Happy End in Entführungs-Fall

Der "bleiche Heinrich" ist wieder da

03. August 2020 - 9:48 Uhr

Spektakuläre Befreiung

Er ist wieder da! Anfang der Woche kam es in Fürth zu einem Entführungs-Fall der besonderen Art. Das beliebte Plastik-Skelett der "bleiche Heinrich", das im Ort von Bank zu Bank wanderte und von den Einwohner gerne besucht wurde oder als Foto-Partner diente, war plötzlich gekidnappt worden. Die Entführer forderten ein Lösegeld in Höhe von 1000 Euro für die örtliche Kita. Die Gemeinde zahlte bereitwillig, um dafür ihren Heinrich schnell wieder in die Arme schließen zu können. Und endlich war es so weit, die Fürther erhielten ihren gerippten Mann zurück.

Wie spektakulär die Freigabe von Heinrich war, sehen Sie im Video.

Entführer: "Es ist alles ohne Planung entstanden. Das war aus der Spontanität heraus."

Mit einem Fallschirm landet Heinrich auf einer Wiese und der ganze Ort jubelt dem Skelett zu. Mit dabei sind auch die Entführer des knochigen Mannes, die sich endlich kenntlich zeigen und vor den Augen aller Schaulustiger demaskiert werden. Es stellt sich raus: Es sind zwei Anwohner aus Fürth, die niemand unter Verdacht hatte.

Erpresser bedanken sich per Brief bei den Spendern

"Liebe Spender, vielen Dank für Eure zahlreichen Spenden. Nun habt ihr Heinrich wieder und könnt Selfies mit ihm machen.

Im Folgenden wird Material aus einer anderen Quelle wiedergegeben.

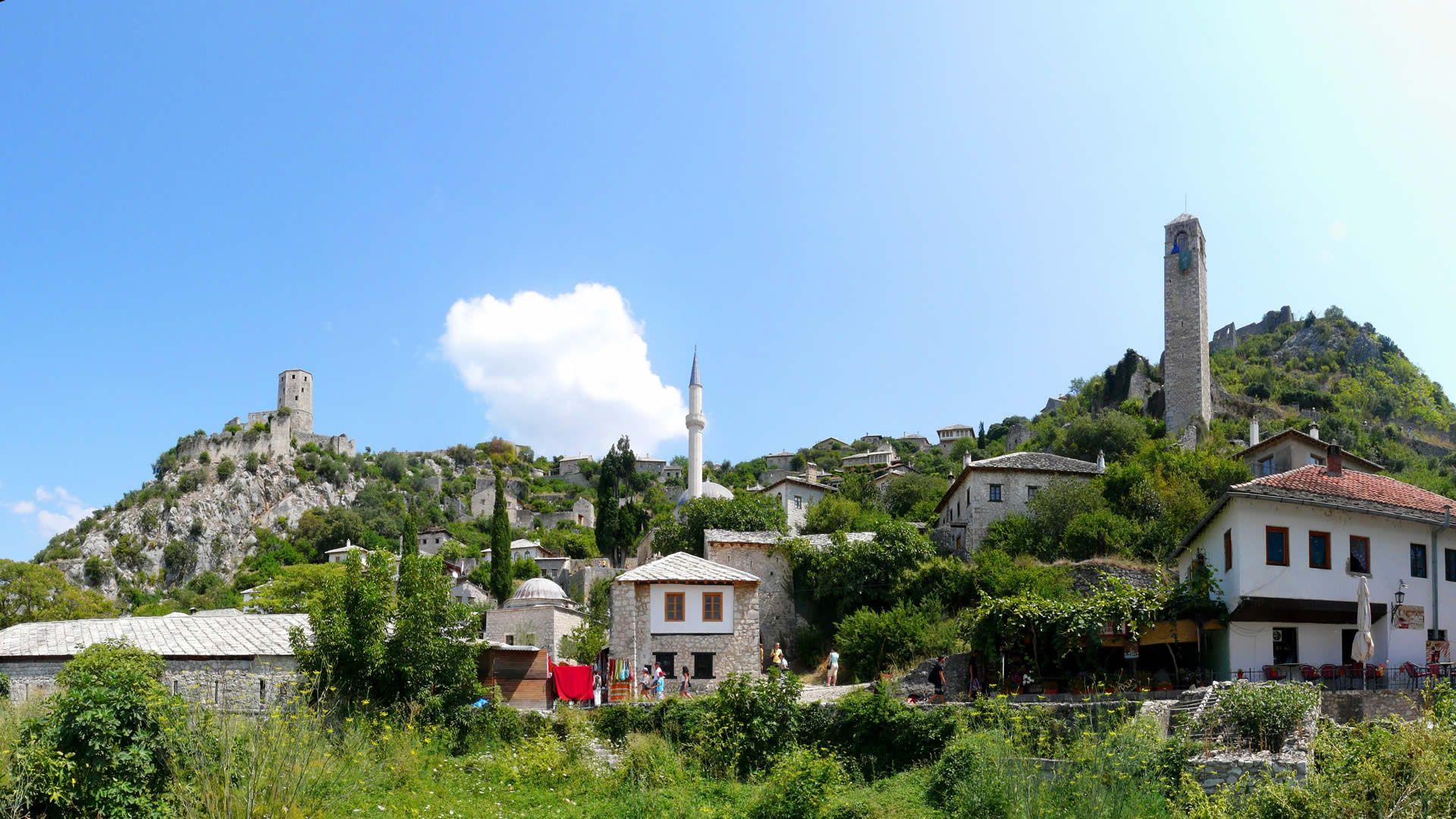 bosnia and herzegovina nature and houses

Wir führten nichts böses im Schilde, uns ging es alleine um den guten Zweck", heißt es in dem Brief von den Erpressern. Diese stellen sich im weiteren Verlauf des Schreibens auch noch als Besitzer von Heinrich heraus. "Aus einer Schnaps-Idee heraus", so die Entführer,  wollten sie das Skelett eigentlich eine halbe Stunde auf einer Bank aussetzen, doch bereits nach wenigen Minuten erregte der "bleiche Heinrich" so viel Aufmerksamkeit, dass sie Heinrich zur Wohltat der Kita als Druck-Mittel einsetzten.